Spanish play immerses Goliad audience in history (Video)
Jan. 5, 2013 at 10:04 p.m.
Updated Jan. 5, 2013 at 7:06 p.m.
The flowing Spanish resonated off the whitewashed walls of the Mission Espiritu Santo.
The actors, dressed brightly in Spanish-style costumes, played out a story thousands of years old.
Even though most of the visitors in the mission Saturday did not speak Spanish - as the Native Americans did not in the 1700s - they understood the story.
"I would say that it was about temptation, liberation and devotion. I think community, too.

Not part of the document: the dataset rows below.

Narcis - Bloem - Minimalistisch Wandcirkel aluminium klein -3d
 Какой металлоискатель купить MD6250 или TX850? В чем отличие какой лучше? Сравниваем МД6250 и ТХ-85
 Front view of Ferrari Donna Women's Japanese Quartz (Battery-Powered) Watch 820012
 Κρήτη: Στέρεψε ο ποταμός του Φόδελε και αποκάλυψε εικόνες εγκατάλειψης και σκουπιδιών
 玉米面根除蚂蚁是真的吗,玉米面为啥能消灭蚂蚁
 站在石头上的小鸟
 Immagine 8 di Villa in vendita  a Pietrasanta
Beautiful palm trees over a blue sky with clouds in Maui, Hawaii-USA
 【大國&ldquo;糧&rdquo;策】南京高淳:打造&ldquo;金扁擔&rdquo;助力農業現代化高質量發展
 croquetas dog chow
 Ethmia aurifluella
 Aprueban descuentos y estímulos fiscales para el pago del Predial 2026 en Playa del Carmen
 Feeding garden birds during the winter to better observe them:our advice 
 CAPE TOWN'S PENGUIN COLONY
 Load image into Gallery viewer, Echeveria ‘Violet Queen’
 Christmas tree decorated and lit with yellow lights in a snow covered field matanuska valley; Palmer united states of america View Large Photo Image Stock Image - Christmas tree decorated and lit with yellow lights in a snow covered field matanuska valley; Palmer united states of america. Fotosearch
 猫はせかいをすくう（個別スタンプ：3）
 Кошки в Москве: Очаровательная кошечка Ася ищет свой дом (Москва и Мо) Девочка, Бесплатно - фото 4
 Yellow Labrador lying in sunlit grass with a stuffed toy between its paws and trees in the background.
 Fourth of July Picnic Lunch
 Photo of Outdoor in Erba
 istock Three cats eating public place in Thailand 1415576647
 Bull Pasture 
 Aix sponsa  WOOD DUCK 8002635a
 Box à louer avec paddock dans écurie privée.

You could feel that," said Rachel McClelland, a visitor in the Goliad State Park from New York.
McClelland and the 15 other guests could guess the themes of "Los Pastores - A Shepherd's Play" performed by Los Pastores De Belen (The Shepherds of Bethlehem), because of the symbolism and lively animation.
Franciscan priests created the action-filled dramas in the 16th century to share Catholicism with the Mesoamerican Indians who did not speak Spanish, according to a release by the Goliad State Park.
"My opinion is that it is important that people get a feel for what the Native Americans went through ... and it is an aspect that takes you back to what the mission was like," said Tammy Zellner, ranger at the park.
She said Saturday's audience, as well as the Native Americans, used observations to learn the story.
"It is amazing how, without knowing the language, you can still follow along just knowing the body language and the symbols," Zellner said.
Connie Rodriguez, assistant director of the group out of San Antonio, said they have performed in Goliad for the past seven years, since the site probably hosted these plays.
"It is about the fight between good and evil, and that way the indigenous got to learn about the birth of Christ. ... This is the mission of the Holy Spirit, and we feel that when we come here we are touched by the spirit," Rodriguez said.
Made up of 18 volunteers, she said some members of the group have been acting in the plays since they were children.
They depict the birth of Jesus, meant to remind people of the reason for Christmas, about 12 to 16 times in December and January.
"I really felt the devotion of the people. It was obvious that they were loving it and loving what they were doing. They cared deeply about it, and that is what made it special," McClelland said.